The Obama administration offered new intelligence indicating the Malaysian jetliner was likely shot down by a SA-11 surface-to-air missile that came from territory in Ukraine held by Russian-backed militants fighting Kiev’s U.S.-backed government.

The new intelligence did not include evidence of direct Russian involvement, and officials have concluded that the pro-Russian separatists most likely shot down the plane by mistake.

But the overall message from the administration was that Russia was at least partly to blame for the incident that left 298 people dead, and that it should be punished.

Russia “bears responsibility for the support they provided to these separatists … and a general unstable environment they created in Ukraine,” deputy national security adviser Ben Rhodes said during an appearance on CNN. [WATCH VIDEO]

He also said Russia has continued to provide help from the militants since the plane was shot down.

“There has been a steady flow of heavy weapons across the border from Russia,” Rhodes said.

Separately, CNN reported that intelligence indicates that as many as 20 weapons systems were dispatched from Russia to Ukraine on Tuesday, even as leaders in Europe met to discuss additional sanctions over Russia's support.

Rhodes indicated the separatists would not likely be able to operate the surface-to-air missile system without government support. Training on the system "tends to take" multiple days, and satellite evidence suggests that the Russian military has established a training camp just across the border from Ukraine.

The officials said their information was based on intercepts, satellite photos and social media posts by separatist leaders. Some of that information, they said, had been authenticated by U.S. experts.

The assessment largely confirms early reports that rebel leaders believed they had shot down a Ukrainian military cargo plane, only to discover it was actually a commercial jet.

Separatist commander Igor Strelkov reportedly bragged about shooting down an aircraft on the social media website Vkontakte before deleting the post.

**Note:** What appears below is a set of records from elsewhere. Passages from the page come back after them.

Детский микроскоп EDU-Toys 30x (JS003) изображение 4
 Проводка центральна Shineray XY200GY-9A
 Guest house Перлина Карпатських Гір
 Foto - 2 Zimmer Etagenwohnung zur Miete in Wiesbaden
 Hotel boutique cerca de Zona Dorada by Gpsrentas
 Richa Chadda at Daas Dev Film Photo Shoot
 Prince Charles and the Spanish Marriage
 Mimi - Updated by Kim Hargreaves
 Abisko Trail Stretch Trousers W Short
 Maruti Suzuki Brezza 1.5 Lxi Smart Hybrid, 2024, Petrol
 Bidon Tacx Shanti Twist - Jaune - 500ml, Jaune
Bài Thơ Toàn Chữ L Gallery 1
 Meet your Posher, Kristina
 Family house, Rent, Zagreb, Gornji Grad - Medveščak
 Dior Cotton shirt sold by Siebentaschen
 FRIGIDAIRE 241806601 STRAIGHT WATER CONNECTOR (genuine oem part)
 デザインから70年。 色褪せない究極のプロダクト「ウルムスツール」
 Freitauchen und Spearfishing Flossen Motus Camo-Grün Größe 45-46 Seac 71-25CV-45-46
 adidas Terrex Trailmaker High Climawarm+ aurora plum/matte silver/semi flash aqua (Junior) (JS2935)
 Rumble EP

“In the district of Torez an An-26 was just shot down,” he reportedly wrote in the post. “It crashed somewhere near the Progress mine. We warned them not to fly in our skies.”

The revelations came as the United States is attempting to rally support for stronger sanctions against Russia in the aftermath of the jetliner crash. 

White House press secretary Josh Earnest said the evidence would be “more effective in drawing a more conclusive case” about what happened with the crash.

“We certainly would welcome additional steps from the international community, principally our allies in western Europe, that would impose additional economic costs in Russia,” Earnest said. “We, for rather obvious reasons, think that those additional costs are justified.”